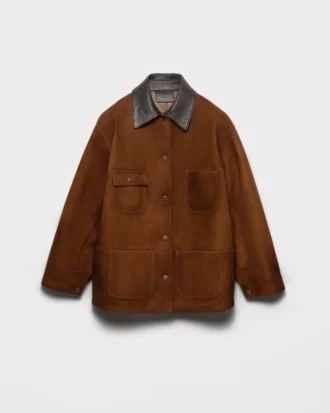Chaqueta tipo cabán de gamuza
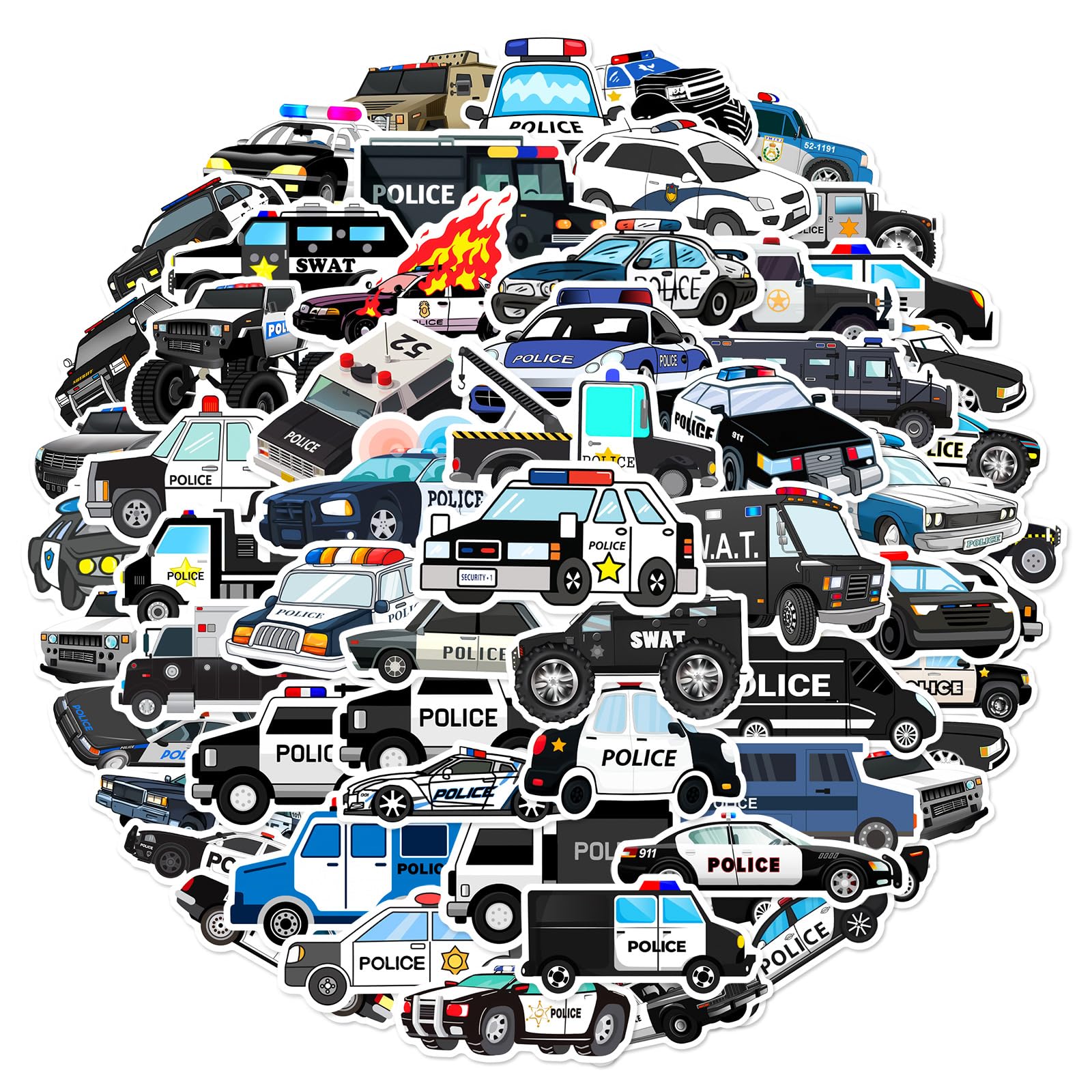 50Pcs Police Car Stickers Laptop Car Scrapbook Phone Skateboard Suitcase Luggage Bike Police Car Stickers Vinyl Waterproof Aesthetic Personalised Stickers for Teens Boys Girls Adults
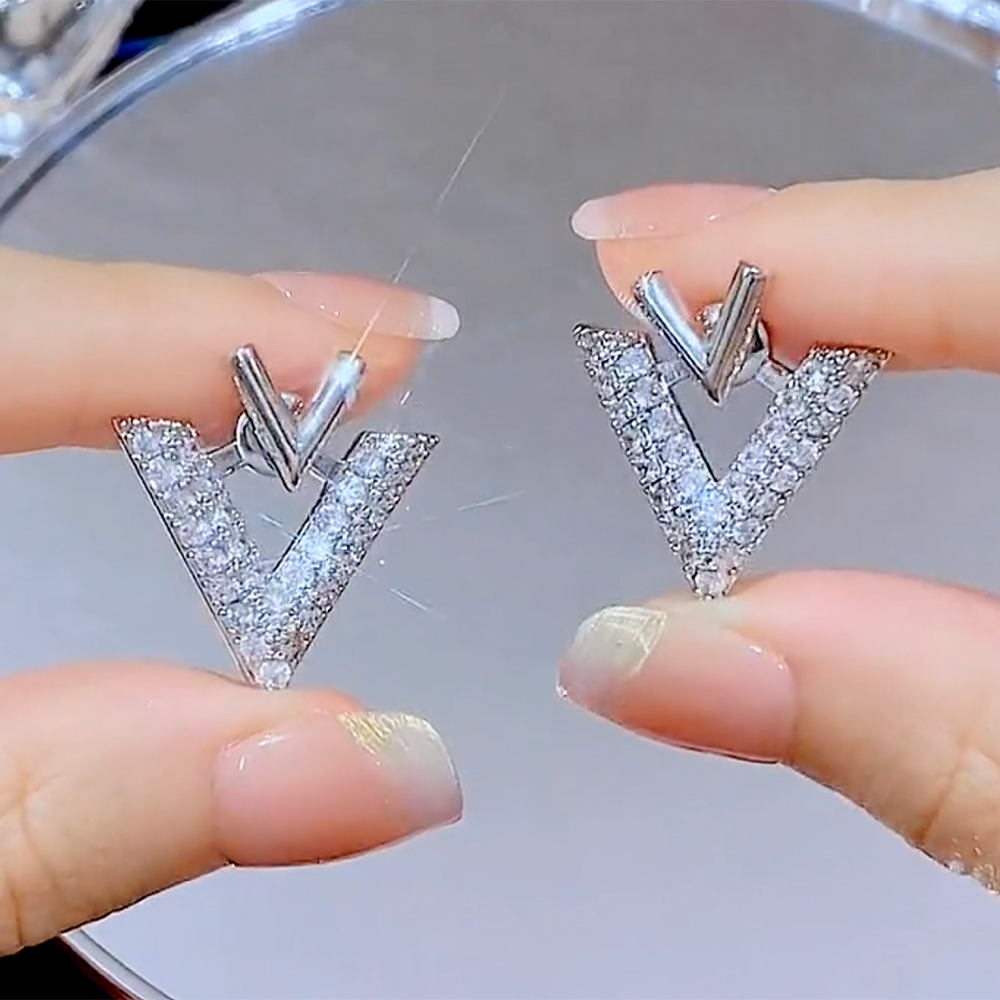Luxury Double V Earring Jackets Gold and Crystal Drop Earrings S925 Silver Pin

> **Task directions**: Quote in full the listing given above; the images are to be left out.

> **Solved exercise**:
Chaqueta tipo cabán de gamuza
 50Pcs Police Car Stickers Laptop Car Scrapbook Phone Skateboard Suitcase Luggage Bike Police Car Stickers Vinyl Waterproof Aesthetic Personalised Stickers for Teens Boys Girls Adults
Luxury Double V Earring Jackets Gold and Crystal Drop Earrings S925 Silver Pin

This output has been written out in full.